In a recent article for The Players Tribune, Toronto Blue Jays right fielder, Jose Bautista took the media, and others, to task for criticizing his reaction (flipping his bat) to hitting a three-run, game and series winning home run against the Texas Rangers in the ALDS playoffs. Was it the first or even the best bat flip ever? I don’t think so. Sam Dyson, the Rangers Pitcher who threw the historic pitch to Bautista made the following comment regarding the incident.
“Jose needs to calm that down, just kind of respect the game a little more. He’s a huge role model for the younger generation that’s coming up playing this game, and I mean he’s doing stuff that kids do in Wiffle ball games and backyard baseball. It shouldn’t be done.”
Personally, I think that’s a bit extreme. If Dyson had been referring to the dangers of tossing a bat on the field, I’d have to agree. Teaching kids to be cognizant of the danger bat tossing presents is the responsibility of parents and coaches at every level. However, I’m certain Mr. Dyson was more concerned that Bautista was showing too much emotion. If that’s the case, I have to disagree. Teaching kids that emotions aren’t part of the game is wrong.
Emotions = passion. And without passion, there is no game.

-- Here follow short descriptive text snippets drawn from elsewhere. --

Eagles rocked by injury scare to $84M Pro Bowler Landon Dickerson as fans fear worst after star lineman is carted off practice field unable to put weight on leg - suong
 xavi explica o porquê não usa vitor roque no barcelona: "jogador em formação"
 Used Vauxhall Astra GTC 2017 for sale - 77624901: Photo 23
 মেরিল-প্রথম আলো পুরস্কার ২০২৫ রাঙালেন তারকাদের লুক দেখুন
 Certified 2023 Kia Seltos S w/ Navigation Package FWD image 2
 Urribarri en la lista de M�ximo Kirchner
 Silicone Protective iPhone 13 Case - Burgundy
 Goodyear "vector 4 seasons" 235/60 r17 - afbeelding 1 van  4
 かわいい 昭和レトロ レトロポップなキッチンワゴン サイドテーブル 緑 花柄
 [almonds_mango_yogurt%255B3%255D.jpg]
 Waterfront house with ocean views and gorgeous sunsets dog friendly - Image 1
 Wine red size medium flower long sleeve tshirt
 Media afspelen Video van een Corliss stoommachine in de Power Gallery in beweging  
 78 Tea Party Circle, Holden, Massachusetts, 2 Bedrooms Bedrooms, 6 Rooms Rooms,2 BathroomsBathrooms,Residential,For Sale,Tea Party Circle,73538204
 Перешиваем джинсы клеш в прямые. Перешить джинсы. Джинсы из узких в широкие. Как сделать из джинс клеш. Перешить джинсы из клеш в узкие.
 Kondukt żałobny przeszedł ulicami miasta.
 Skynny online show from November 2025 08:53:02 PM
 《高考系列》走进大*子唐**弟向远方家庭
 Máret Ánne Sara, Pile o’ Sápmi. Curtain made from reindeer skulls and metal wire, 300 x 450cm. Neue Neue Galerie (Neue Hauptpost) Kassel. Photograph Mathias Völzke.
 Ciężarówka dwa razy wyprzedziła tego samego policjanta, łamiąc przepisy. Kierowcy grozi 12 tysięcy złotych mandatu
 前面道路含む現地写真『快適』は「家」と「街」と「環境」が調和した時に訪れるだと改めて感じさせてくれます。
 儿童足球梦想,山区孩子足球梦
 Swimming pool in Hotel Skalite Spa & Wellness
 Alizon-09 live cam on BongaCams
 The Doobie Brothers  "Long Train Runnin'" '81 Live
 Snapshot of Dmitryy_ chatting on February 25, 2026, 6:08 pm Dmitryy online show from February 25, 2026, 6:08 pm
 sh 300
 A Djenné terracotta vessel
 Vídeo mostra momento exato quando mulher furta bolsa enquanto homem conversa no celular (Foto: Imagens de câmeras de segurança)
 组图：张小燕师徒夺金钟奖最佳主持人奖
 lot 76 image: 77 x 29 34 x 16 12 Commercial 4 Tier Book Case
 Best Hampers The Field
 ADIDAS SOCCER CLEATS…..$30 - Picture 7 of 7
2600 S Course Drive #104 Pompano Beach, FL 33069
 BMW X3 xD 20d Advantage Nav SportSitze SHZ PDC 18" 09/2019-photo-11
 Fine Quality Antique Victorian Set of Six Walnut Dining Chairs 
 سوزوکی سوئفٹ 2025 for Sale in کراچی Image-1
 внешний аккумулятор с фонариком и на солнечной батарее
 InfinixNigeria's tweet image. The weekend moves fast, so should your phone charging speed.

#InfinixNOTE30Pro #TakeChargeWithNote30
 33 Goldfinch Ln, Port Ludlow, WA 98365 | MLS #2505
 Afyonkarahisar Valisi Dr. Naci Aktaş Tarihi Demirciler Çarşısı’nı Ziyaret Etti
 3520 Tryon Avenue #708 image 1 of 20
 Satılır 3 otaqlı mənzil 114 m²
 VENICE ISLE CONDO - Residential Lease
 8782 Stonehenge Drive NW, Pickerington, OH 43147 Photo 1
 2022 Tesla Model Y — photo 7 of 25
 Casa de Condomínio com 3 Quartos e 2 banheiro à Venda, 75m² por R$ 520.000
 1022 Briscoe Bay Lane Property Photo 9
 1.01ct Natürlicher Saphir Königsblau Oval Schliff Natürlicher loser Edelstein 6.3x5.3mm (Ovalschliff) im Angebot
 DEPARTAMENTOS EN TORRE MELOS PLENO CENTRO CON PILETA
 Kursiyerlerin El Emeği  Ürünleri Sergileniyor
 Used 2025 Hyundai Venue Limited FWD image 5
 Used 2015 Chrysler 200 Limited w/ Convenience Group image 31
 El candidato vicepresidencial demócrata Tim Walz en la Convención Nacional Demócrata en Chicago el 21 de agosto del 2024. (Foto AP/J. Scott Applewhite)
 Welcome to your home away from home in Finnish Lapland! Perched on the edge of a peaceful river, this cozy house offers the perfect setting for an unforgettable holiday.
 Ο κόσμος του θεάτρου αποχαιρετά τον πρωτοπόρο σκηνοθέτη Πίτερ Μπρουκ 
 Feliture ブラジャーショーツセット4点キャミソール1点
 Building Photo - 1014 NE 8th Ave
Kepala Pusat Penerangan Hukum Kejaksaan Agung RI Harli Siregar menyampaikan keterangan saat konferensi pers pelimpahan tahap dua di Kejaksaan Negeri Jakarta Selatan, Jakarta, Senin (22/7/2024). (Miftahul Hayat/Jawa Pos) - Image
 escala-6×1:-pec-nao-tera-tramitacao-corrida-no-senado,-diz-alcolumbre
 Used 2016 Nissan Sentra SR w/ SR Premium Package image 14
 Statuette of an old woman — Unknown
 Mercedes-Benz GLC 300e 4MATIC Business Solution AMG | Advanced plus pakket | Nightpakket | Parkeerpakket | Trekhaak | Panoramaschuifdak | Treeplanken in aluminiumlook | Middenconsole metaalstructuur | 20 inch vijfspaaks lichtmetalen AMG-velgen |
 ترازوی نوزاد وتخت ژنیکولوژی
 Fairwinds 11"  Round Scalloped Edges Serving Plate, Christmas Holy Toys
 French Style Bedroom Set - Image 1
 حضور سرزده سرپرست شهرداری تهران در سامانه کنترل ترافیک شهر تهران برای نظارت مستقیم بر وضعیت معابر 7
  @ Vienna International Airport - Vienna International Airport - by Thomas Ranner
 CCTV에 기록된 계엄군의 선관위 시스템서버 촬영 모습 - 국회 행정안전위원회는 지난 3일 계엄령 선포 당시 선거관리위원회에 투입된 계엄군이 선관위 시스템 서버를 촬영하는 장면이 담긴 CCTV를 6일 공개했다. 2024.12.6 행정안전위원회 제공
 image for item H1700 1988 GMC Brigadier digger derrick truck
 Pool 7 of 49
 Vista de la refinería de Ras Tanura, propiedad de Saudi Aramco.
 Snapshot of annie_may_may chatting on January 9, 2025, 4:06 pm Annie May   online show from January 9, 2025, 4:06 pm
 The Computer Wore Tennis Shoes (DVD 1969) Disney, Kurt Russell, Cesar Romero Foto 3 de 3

Mr. Bautista explains how he was caught up in the moment, and meant no disrespect for the opposing team. Breaking his well-written explanation down to something we can all relate to—he was celebrating. It doesn’t take a genius to figure this out. Of course he was celebrating. He’d just knocked the ball out of the park to win an important game for his team. Fans experience the high of winning right along with the player(s) responsible for the win. Without the outward expressions of the player’s glee, we might as well be watching paint dry. Imagine these scenes minus the emotion. Since 1961, ABC has opened their weekly sports recap show, The Wide World of Sports, with a saying that sums it up for every player and sports enthusiast. It’s why athletes do what they do. It’s why we watch. It’s the thrill of victory and the agony of defeat.